Les Saintes

The passage from Dominica to Guadeloupe was one of the smoothest that we might ever have.

The water was so glassy & there was very little wind so we just motored across from Mero Beach (Dominica) to Terre-de-Haut, Les Saintes (Guadeloupe). With the water so calm & enough solar, we were able to run the watermaker whilst underway 🎉. It made getting a call to do some work at the last minute, a much more pleasant experience than it could have been too. I find a life jacket really sets the tone of a conversation. 😅

Approaching Les Saintes from Dominica made for quite a lovely scene. What with all the rocky outcrops about & the larger islands of Terre-de-Haut & Terre-de-Bas nearby. Les Saintes is actually made up of 9 small islands, 2 of which are inhabited (Terre-de-Haut & Terre-de-Bas). Terre-de-Haut was where we spent most of our time. It’s a busy place with ferries that come & go often & there always seemed to be a cruise ship about as well, but with a seperate dock for the cruisers, there didn’t seem to be any issues with securing your dinghy somewhere, although the dinghy dock did get a little crowded sometimes.
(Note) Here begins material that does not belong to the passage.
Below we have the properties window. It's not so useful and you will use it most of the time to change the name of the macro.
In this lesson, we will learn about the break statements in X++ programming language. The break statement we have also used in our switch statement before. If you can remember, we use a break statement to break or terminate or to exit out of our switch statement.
Geoff announced almost immediately that Guadeloupe rates as one of his favourite places so far & I have to agree. If we were able to speak a little more French, beyond the absolute basics, it would make it even easier, but alas we are French impaired.

Checking in at Terre-de-Haut was super simple & cost 4 euros to use the computer & printer, we got there at the end of the day, before it closed at 6pm, which we were quite happy with. I would have sucked if we had missed getting to shore in time & had to do it all again the next day.
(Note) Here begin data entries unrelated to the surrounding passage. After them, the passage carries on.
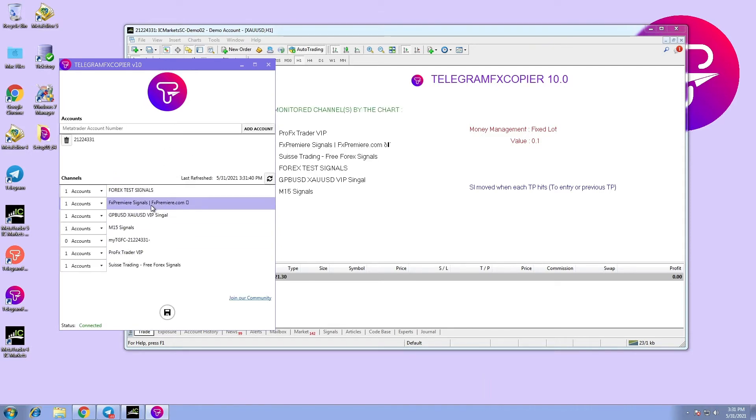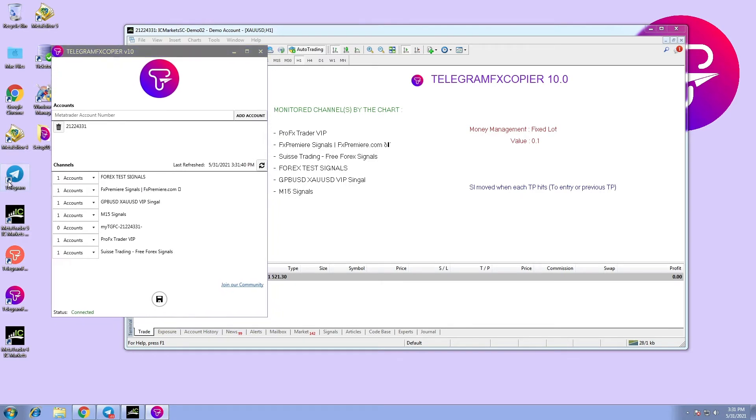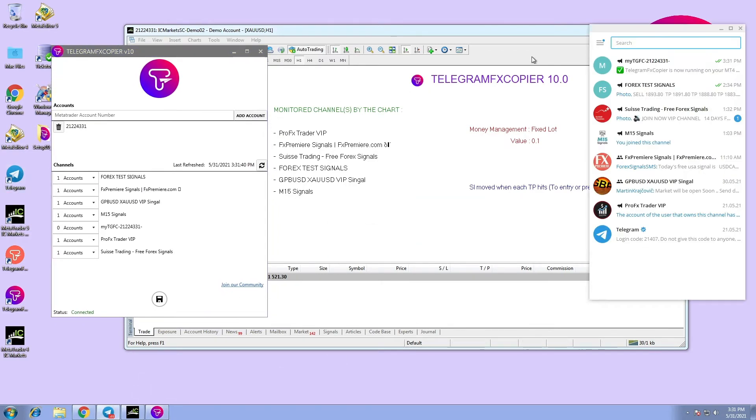First of all open your MetaTrader, then open your Telegram FX copier software, then open your Telegram app.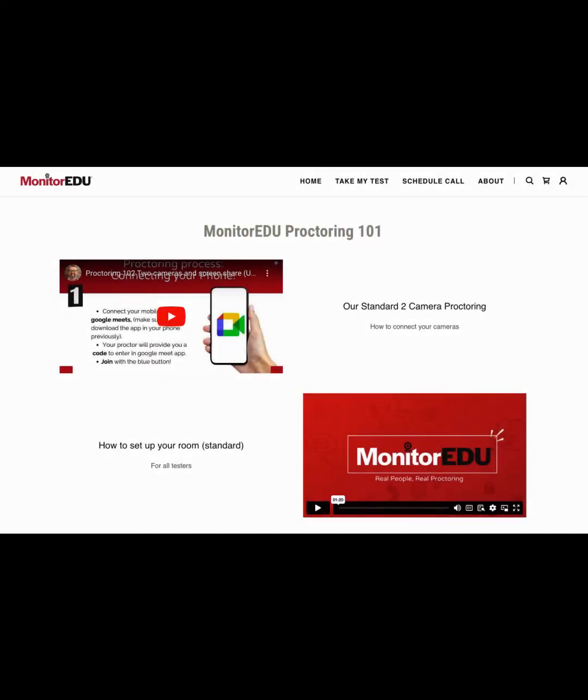For a better understanding of our processes and rules, please visit monitoredu.com/FAQ. We are available 24 hours a day, with the exception of Christmas Eve and Christmas Day.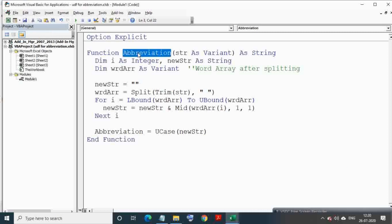Now this UDF function name is abbreviation. It takes one input which can be string or range and outputs a string.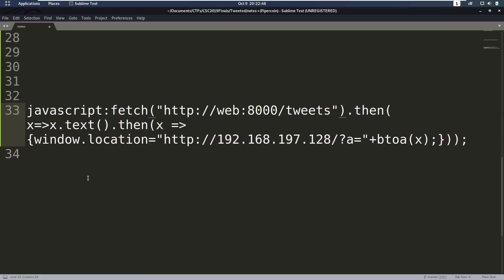Now there's one thing that I haven't explained very well, and that's why am I using web here instead of an IP address. Well, if I were to use an IP address here, it wouldn't work. And why is that? Well, the admin or the person that's clicking this is using a different domain, so they're using web instead of the IP address. Now what does that mean?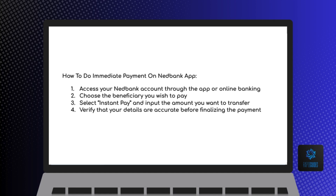And finally, verify that your details are accurate before finalizing the payment. Simply double-check all the information you've entered, including the beneficiary's details and the transfer amount, to ensure everything is correct before completing the transaction.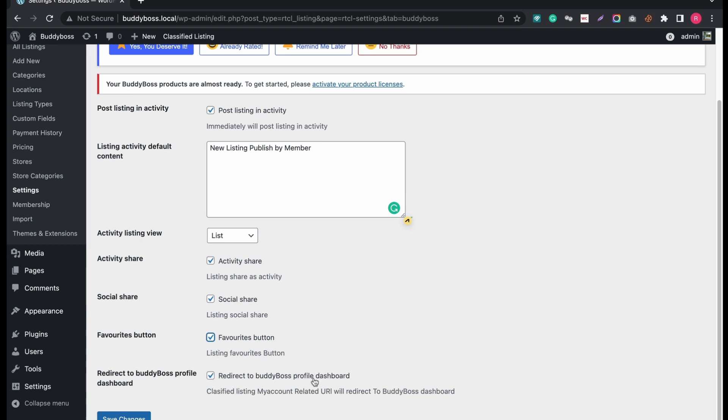If redirect to BuddyBoss option is enabled, it will redirect your users into BuddyBoss dashboard after login, instead of Classified Listing dashboard.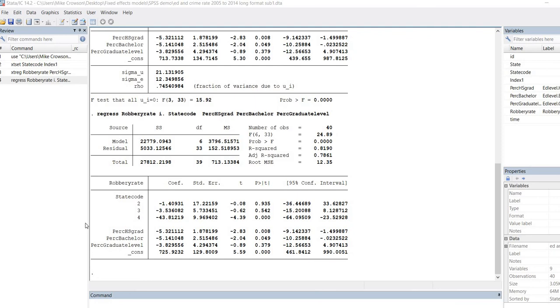That pretty much concludes this demonstration of fixed effects panel regression, focusing mainly on SPSS. I hope you found this video useful. Thanks for watching.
After checking in, we checked out the local Discount Market to get some food. The fresh produce was such a lovely sight to see again. Guadeloupe & Martinique are French territories, so are known to have a good selection of food & that’s certainly what we have noticed. Check out the veggies in the IG post I shared

We had one night on anchor, but didn’t like how close everyone was to us & our proximity to some rocks (underwater) & the changing winds, so after the first night we pulled up anchor & decided to get a mooring ball (at Les Saintes you just grab a free one, you don’t book), we decided to stay on a mooring ball for the rest of our stay in Les Saintes, traipsing back to LSM where you have to go to pay for a mooring ball. The balls are reasonably spaced out, & we get one on the edge, which we found spacious enough for us. The mooring ball was slightly closer to shore & the dock, so it made for a slightly shorter run in, as a bonus.
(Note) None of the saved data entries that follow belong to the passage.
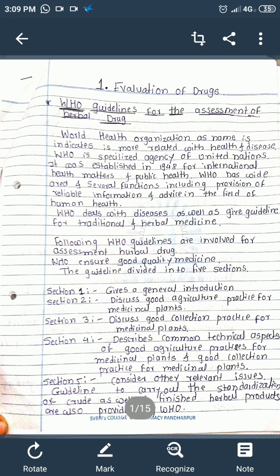The following sections are involved in the assessment of herbal drugs according to WHO: Section 1 gives a general introduction with general information on herbal drugs. Section 2 discusses good agriculture practice for medicinal plants. Section 3 covers good collection practice for medicinal plants. Section 4 describes common technical aspects of good agriculture and collection practices. Section 5 considers other relevant issues and guidelines to standardize crude and finished herbal products.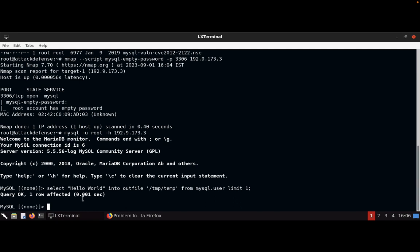Since the file can be created, it means the MySQL service can write to arbitrary directories, provided the directory is world-writable.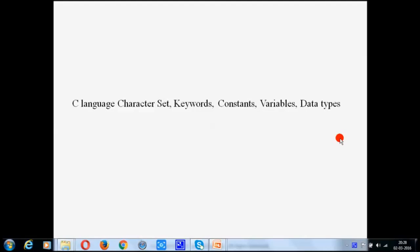Hello friends. My name is Shorat Ganguly and today I am going to discuss about character set, keywords, constants, variables, and data types of C language.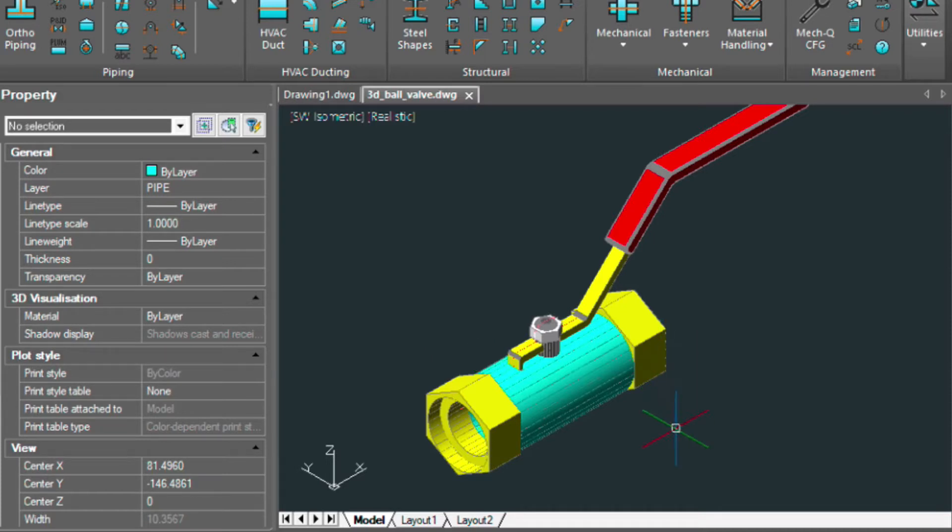The last video covered how to add the attributes to the fitting, but in this video, we're going to be taking the fitting and moving it into a new drawing, moving the Bill of Materials and all the attributes with it.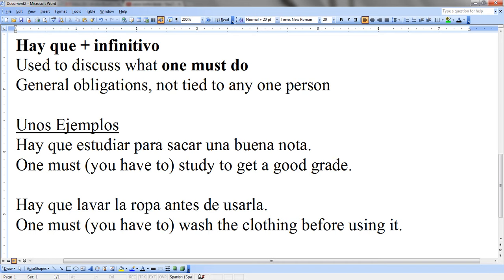The other example is: Hay que lavar la ropa antes de usarla — 'you have to wash the clothes before using them.' But again, it's not tying it to a specific person, just in general.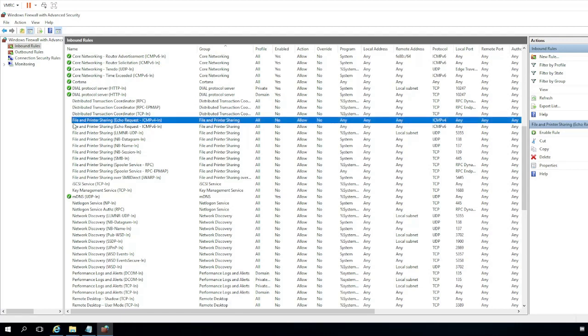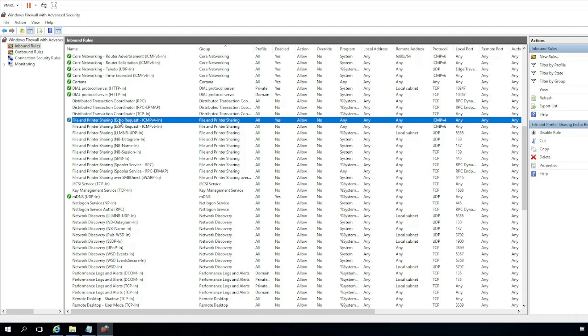So these rules already exist. You can see here file and printer sharing echo request ICMP version 4 in. This rule is not enabled because there's not a little green check mark next to it. We're just going to click on that and enable the rule. That will allow echo requests in through the firewall and allow the server to respond to it.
We had a few days there, as we waited for a decent weather window, which allowed us to hike up to the fort, which was a nice enough walk. The fact that it was closed by the time we got there (get there before noon), was just an added bonus, after hauling butt to get there. Our picnic lunch that we brought with us was nice to eat in the entrance tunnel (mostly as it provided some relief from the sun’s heat) though. There were dozens of others who came up after us, which was somewhat comforting, at least we weren’t the only ones to have treked up, only to discover it closed. Then again, most of them seemed to have hired golf buggies to get up to the parking area at least, so really the joke was on us, who still had to haul ourselves down the hill again.

We also did a walk up to Les Chameau Ile Des Saintes which had some tremendous views (we got some great pictures of the boats in the bay, you could even see ours) & there was the hilarious incident with the chickens which I am glad I captured on film. As the only gimp in the family, I have to say that I did find it a little hard on my knees, especially when we scrambled down the hill, instead of scrambling up it at the start.😅 The beach was lovely when you came down though, more so for a quick dip & to chill. The snorkelling there was nice enough, but we have definitely seen better, especially around where we were first anchored, we were a little sad to see so many sun bleached conch shells all over the beach.

The island in general is incredibly beautiful. We loved the chicken & chips shop that was on the way to Carrefour & picked up a cooked chicken there a couple of times. There was also a butcher that had cold cooked chickens that we went to a couple of times with a lovely beetroot salad that we all enjoyed.

We crossed paths with Kim, Cath & Dom again too. They had anchored nearby, so we all caught up for more games a couple of nights too whilst we were there, which was lovely.

This time around it was their turn to leave before us, but a day later we followed them to the mainland, headed to Pointe-a-Pitre.